The Office of the State Auditor (Office) today announces the release of a Title I Program Effectiveness Report as part of the Office’s Project KIDS. The Title I program is a federally-funded program that is intended to provide supplementary funds to schools with high percentages of students from families with low incomes to help students meet state academic standards.
This dashboard explores the performance, demographic composition, and spending at Title I schools versus non-Title I schools. Students at Title I schools face heightened socioeconomic barriers and tend to have lower rates of educational achievement compared to their non-Title I peers.

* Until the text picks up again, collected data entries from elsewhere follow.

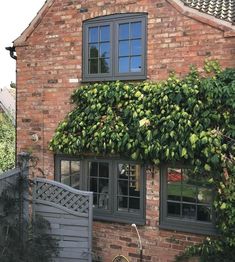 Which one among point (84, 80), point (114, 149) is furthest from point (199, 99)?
point (84, 80)

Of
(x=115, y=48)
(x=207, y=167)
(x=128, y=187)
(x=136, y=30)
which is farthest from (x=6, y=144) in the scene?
(x=207, y=167)

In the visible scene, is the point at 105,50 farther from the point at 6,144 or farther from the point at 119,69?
the point at 6,144

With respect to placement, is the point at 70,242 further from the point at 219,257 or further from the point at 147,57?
the point at 147,57

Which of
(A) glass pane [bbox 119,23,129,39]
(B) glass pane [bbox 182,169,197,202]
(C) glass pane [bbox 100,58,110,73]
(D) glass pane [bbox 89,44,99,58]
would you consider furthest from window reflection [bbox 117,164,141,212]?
(A) glass pane [bbox 119,23,129,39]

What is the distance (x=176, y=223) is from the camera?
23.5 feet

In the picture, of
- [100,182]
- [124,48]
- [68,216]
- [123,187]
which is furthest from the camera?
[100,182]

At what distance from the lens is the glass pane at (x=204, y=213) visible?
22.8ft

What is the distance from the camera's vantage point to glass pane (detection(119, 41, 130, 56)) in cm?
761

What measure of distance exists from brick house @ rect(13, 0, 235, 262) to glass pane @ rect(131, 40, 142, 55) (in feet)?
0.07

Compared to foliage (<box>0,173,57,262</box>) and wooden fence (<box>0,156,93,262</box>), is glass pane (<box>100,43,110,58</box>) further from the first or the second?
foliage (<box>0,173,57,262</box>)

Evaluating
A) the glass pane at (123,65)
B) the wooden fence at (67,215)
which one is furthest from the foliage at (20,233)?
the glass pane at (123,65)

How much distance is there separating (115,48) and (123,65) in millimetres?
389

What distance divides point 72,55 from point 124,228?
3.79 meters

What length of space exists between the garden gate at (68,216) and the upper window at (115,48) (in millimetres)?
2401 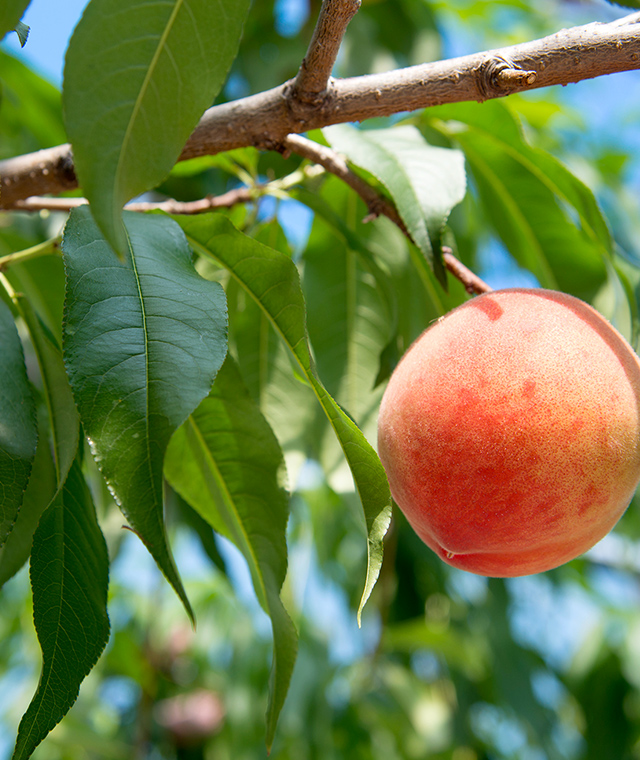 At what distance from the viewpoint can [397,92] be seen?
723 millimetres

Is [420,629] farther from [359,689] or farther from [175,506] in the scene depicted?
[175,506]

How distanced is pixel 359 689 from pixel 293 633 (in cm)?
219

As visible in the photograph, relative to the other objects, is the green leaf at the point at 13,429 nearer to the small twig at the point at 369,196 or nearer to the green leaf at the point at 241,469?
the green leaf at the point at 241,469

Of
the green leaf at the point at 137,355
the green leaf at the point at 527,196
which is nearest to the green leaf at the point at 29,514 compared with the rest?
the green leaf at the point at 137,355

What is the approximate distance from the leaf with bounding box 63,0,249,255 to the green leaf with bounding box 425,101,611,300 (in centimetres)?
57

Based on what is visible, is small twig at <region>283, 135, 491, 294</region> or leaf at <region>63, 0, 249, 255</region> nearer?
leaf at <region>63, 0, 249, 255</region>

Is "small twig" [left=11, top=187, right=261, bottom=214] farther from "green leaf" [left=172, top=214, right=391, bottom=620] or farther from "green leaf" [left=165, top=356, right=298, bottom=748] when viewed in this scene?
"green leaf" [left=165, top=356, right=298, bottom=748]

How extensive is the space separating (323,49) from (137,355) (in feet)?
1.11

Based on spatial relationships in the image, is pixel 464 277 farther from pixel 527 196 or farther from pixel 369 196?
pixel 527 196

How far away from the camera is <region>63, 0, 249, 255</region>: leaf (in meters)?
0.50

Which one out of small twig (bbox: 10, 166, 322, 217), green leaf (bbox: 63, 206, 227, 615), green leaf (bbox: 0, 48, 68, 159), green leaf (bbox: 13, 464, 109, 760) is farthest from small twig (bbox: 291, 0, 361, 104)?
green leaf (bbox: 0, 48, 68, 159)

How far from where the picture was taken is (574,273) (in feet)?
3.58

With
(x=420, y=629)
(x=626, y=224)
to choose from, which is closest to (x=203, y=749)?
(x=420, y=629)

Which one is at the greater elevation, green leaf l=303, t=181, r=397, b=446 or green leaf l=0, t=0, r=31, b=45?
green leaf l=0, t=0, r=31, b=45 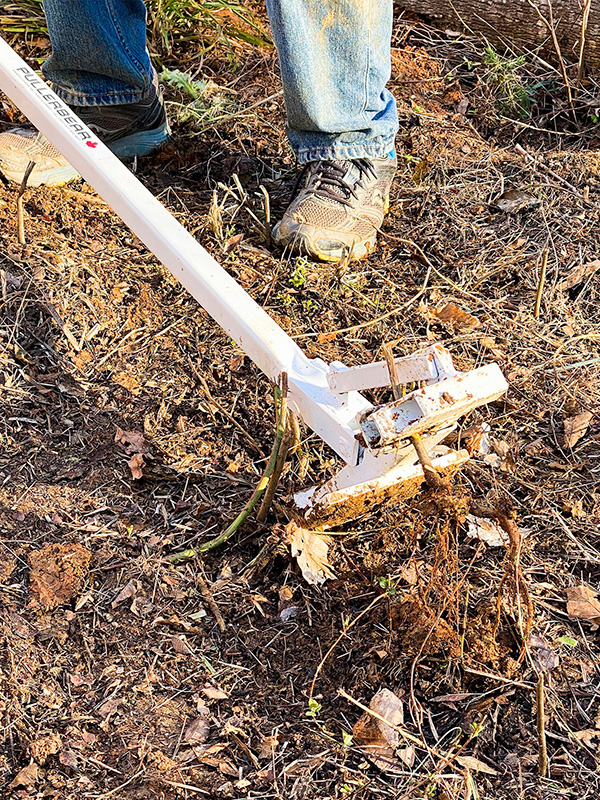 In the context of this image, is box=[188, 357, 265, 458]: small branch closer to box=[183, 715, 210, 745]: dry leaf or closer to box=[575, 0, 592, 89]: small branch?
box=[183, 715, 210, 745]: dry leaf

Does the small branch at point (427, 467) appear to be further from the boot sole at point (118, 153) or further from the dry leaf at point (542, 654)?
the boot sole at point (118, 153)

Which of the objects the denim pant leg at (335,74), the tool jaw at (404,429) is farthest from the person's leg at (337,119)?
the tool jaw at (404,429)

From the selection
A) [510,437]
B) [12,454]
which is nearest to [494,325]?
[510,437]

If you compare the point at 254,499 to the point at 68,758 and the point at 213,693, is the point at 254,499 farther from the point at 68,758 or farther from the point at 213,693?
the point at 68,758

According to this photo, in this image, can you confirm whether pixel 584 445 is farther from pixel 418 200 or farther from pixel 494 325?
pixel 418 200

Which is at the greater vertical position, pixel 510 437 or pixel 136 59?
pixel 136 59

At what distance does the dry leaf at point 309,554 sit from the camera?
1.67 metres

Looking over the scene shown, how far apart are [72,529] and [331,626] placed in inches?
22.8

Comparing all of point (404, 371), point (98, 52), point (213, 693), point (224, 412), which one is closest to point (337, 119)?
point (98, 52)

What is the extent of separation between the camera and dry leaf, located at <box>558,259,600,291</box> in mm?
2348

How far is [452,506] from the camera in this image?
1.43 metres

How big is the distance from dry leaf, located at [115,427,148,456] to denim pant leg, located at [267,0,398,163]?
39.0 inches

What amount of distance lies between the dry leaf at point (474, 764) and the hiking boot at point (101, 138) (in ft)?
6.46

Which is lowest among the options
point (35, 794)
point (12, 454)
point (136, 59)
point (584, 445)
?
point (584, 445) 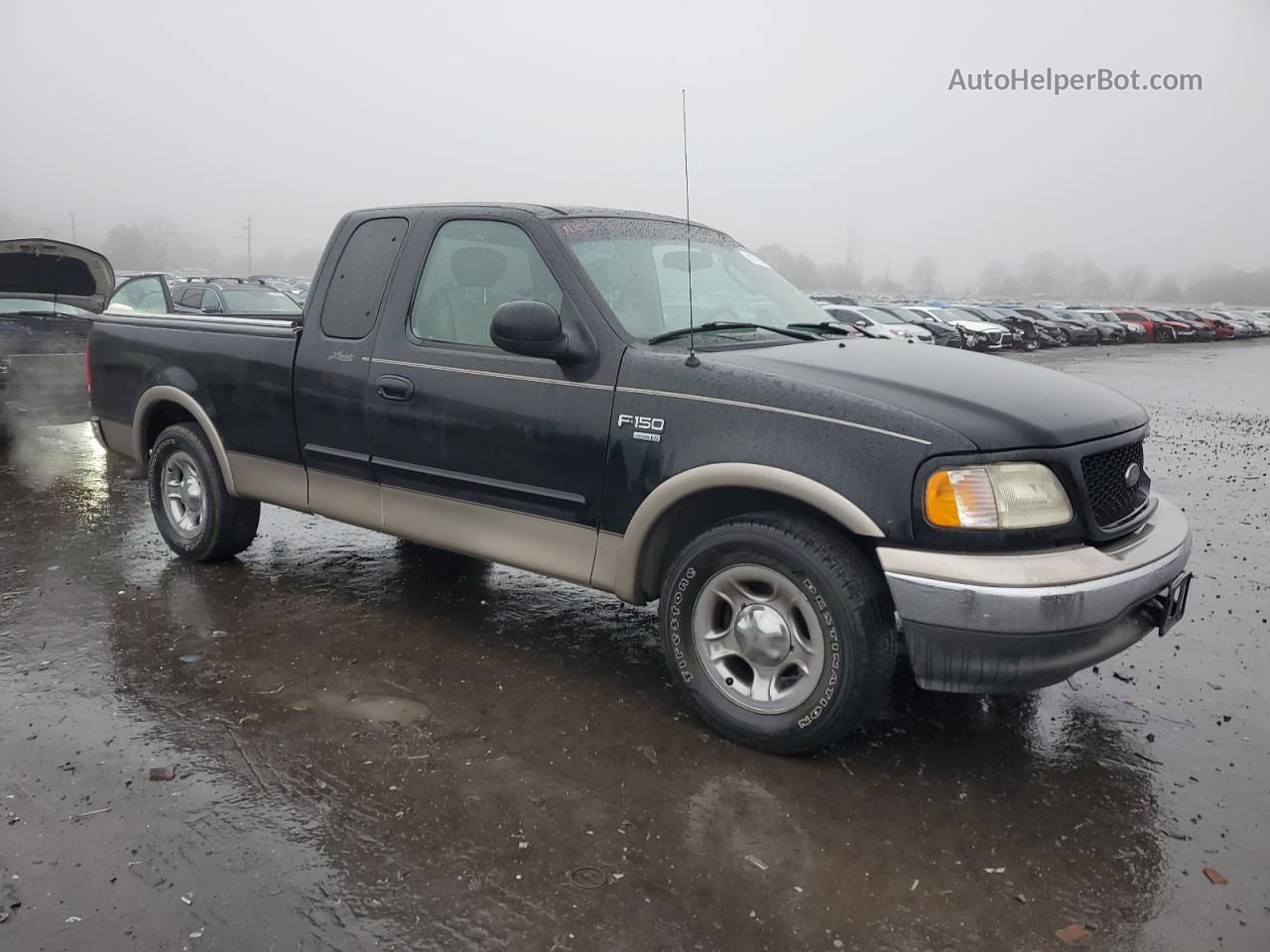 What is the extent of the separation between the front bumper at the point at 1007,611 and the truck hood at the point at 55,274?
8.87 meters

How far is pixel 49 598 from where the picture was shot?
4961mm

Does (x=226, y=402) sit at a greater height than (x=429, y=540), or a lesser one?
greater

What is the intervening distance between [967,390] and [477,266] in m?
2.15

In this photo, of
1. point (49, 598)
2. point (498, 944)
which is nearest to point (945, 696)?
point (498, 944)

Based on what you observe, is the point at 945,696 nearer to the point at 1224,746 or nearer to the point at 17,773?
the point at 1224,746

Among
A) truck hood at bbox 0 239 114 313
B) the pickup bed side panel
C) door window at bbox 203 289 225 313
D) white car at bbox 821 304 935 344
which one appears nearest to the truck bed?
the pickup bed side panel

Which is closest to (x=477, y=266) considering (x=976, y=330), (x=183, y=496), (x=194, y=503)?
(x=194, y=503)

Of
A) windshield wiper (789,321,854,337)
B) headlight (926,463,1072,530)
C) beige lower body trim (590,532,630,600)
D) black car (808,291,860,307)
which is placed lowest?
beige lower body trim (590,532,630,600)

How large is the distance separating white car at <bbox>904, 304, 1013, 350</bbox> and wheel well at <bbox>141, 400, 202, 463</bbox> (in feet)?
81.9

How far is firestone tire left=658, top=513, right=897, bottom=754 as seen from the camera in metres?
3.22

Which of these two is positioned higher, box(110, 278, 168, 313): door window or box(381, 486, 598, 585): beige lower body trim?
box(110, 278, 168, 313): door window

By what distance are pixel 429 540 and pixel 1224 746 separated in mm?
3302

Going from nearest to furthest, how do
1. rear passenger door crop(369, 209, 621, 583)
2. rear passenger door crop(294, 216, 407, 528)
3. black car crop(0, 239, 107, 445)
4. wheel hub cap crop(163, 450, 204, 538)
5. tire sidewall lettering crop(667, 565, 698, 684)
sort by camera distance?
tire sidewall lettering crop(667, 565, 698, 684), rear passenger door crop(369, 209, 621, 583), rear passenger door crop(294, 216, 407, 528), wheel hub cap crop(163, 450, 204, 538), black car crop(0, 239, 107, 445)

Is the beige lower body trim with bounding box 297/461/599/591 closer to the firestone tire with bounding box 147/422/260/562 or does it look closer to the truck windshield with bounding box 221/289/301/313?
the firestone tire with bounding box 147/422/260/562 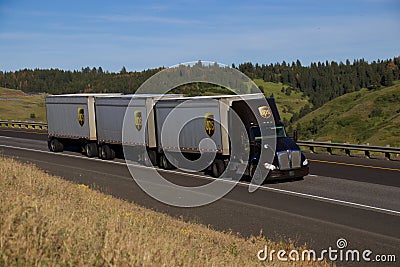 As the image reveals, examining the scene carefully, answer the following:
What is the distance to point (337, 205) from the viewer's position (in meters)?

This research shows that spending on the average student at Schoolwide Title I schools is 4% lower on average than at non-Title I schools, after adjusting for other factors that impact funding such as the percentage of students requiring special education services or English language learning services, despite the additional federal Title I funding. Further, demographic factors have a much stronger relationship with academic performance at Title I schools than per-student spending does, which highlights how current student spending methodologies fail to help many students overcome socioeconomic barriers. In other words, Title I funding is not always supplemental and does not sufficiently address the intent to reduce educational inequities and raise student achievement.
State Auditor John Dougall said, “While the Title I program is intended to enhance funding to improve achievement for students who face various disadvantages, frequently that is not the reality. We noted that, after adjusting for various other programs, Title I funding often does not effectively supplement state and local education funding. Funding must be strategically directed if students are to overcome the tyranny of their zip code.”
Project KIDS is a special, in-depth performance audit of public education that integrates financial, operational, and performance data to create interactive visualizations. This informs Utah stakeholders where the money is going in public education so those stakeholders can better determine how well that money is being spent.